METALS-Potential supply disruptions fuel copper's rise to 3-week high

* Premium for cash tin over 3-month jumps

* LME/ShFE arb: (Adds closing prices)

LONDON, May 2 (Reuters) - Copper prices hit a three-week high on Tuesday due to concerns about supply disruptions in Indonesia, but caution over slowing demand in top consumer China capped gains.

Benchmark copper on the London Metal Exchange, untraded in the rings, ended up 1.2 percent at $5,735.50 a tonne from an earlier $5,820 a tonne, its highest since April 10.

“The news about the strike in Indonesia at Grasberg has lifted prices,” said Julius Baer analyst Carsten Menke, adding that slowing activity in China’s manufacturing sector, a major source of demand for industrial metals, was a negative.

GRASBERG: Thousands of workers from the Indonesian unit of Freeport McMoRan Inc staged a rally near the Grasberg copper mine on Monday, protesting against layoffs by the miner due to a contract dispute with the government.

CHINA: China’s factory sector lost momentum in April, with growth slowing to its weakest pace in seven months as domestic and export demand faltered and commodity prices fell, a private survey showed on Tuesday.

LEAD: The price of lead was slightly weaker at $2,248 a tonne, but supported by worries about supplies on the LME market.

LEAD STOCKS: Latest data shows lead stocks in LME approved warehouses up 4,150 to 169,425 tonnes MPBSTX-TOTAL, but that total is still 10 percent below the level at the end of March.

LEAD WARRANTS: Cancelled warrants -- material earmarked for delivery and so not available to the market -- account for nearly half of total inventories. Traders are also watching a large position holding between 30 and 39 percent of warrants.

LEAD SPREADS: The premium, or backwardation, for cash metal over the three-month contract rose to $34.50 a tonne on Friday, its highest since late January MPB0-3.

LEAD DEMAND: “On the demand side, offtake remains strong on both sides of the Atlantic, with only limited signs of seasonal weakness,” INTL FCStone analyst Edward Meir said. “European battery demand is particularly good on account of strong vehicle sales.
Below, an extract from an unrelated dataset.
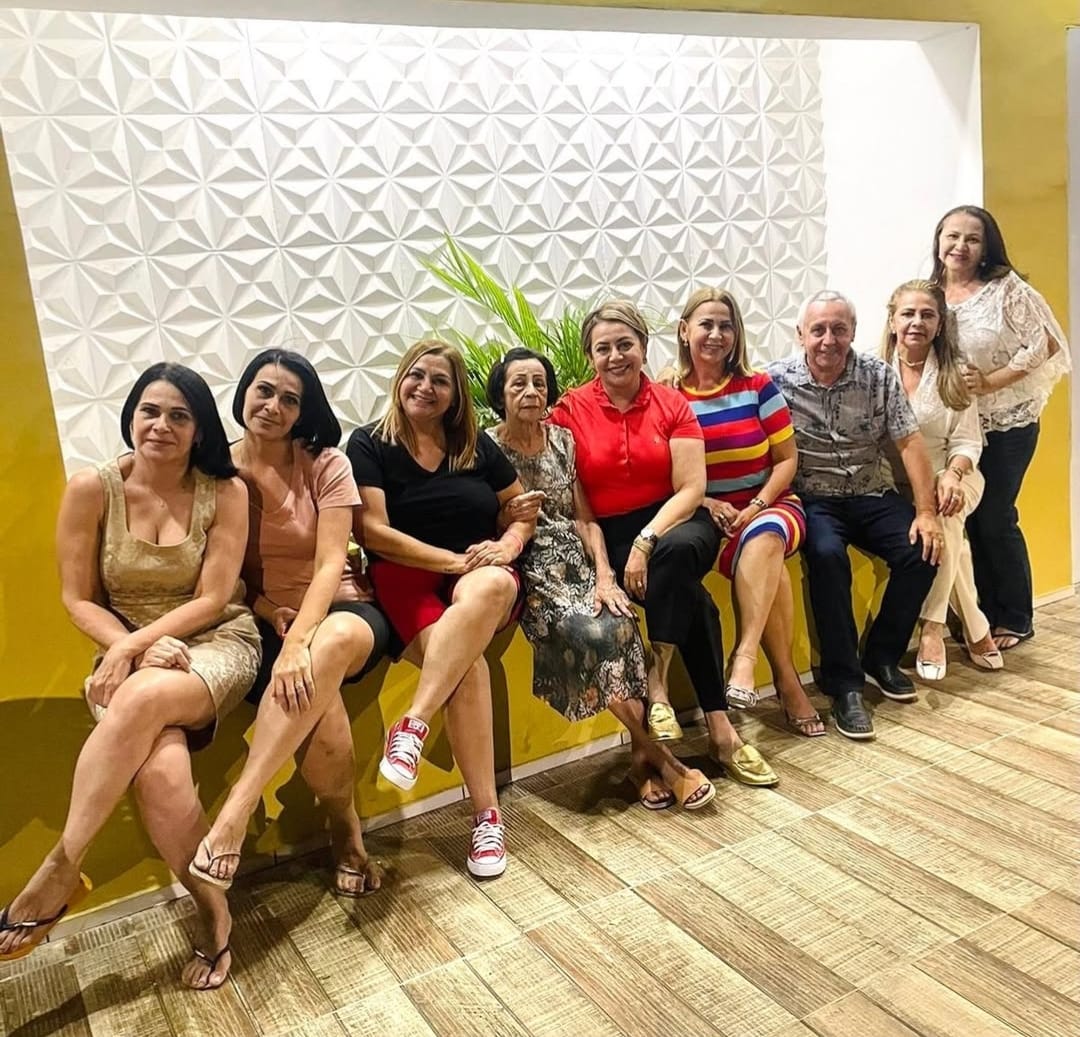 Suely e Magaly (esquerda); senadora Jussara Lima ao centro, de vermelho, em reunião de família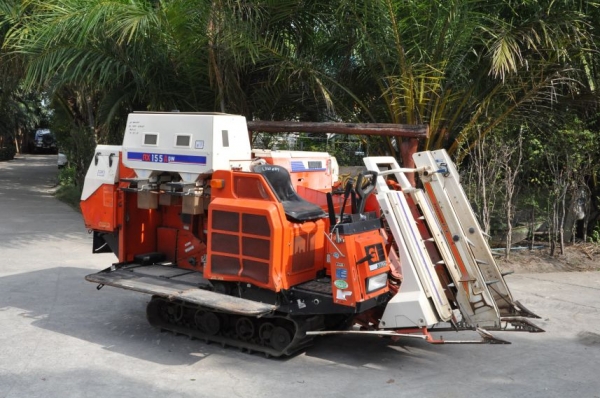 ขายรถเกี่ยว นวดข้าวkubota RX155 ดีเซล3สูบ แรง สวยเดิมจากญี่ปุ่น 58,000เท่านั้น!!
However, the Chinese market does not look as inspiring.”

TIN SPREADS: The premium for cash tin over the three-month rose to $90 a tonne MSN0-3 on Friday, its highest since March 21 as traders fretted about shortages on the LME market. Three-month tin rose 0.3 percent to $19,960 compared with an earlier $20,085, its highest since April 12.

TIN STOCKS: Inventories of tin in LME warehouses at 2,865 tonnes are less than half the 5,995 recorded on Feb. 16 and account for less than one percent of global consumption estimated at around 350,000 tonnes this year.

PRICES: Aluminium was up 0.9 percent at $1,929.50 and zinc added 1.2 percent to $2,655. Nickel was ended 0.7 percent higher at $9,515 a tonne.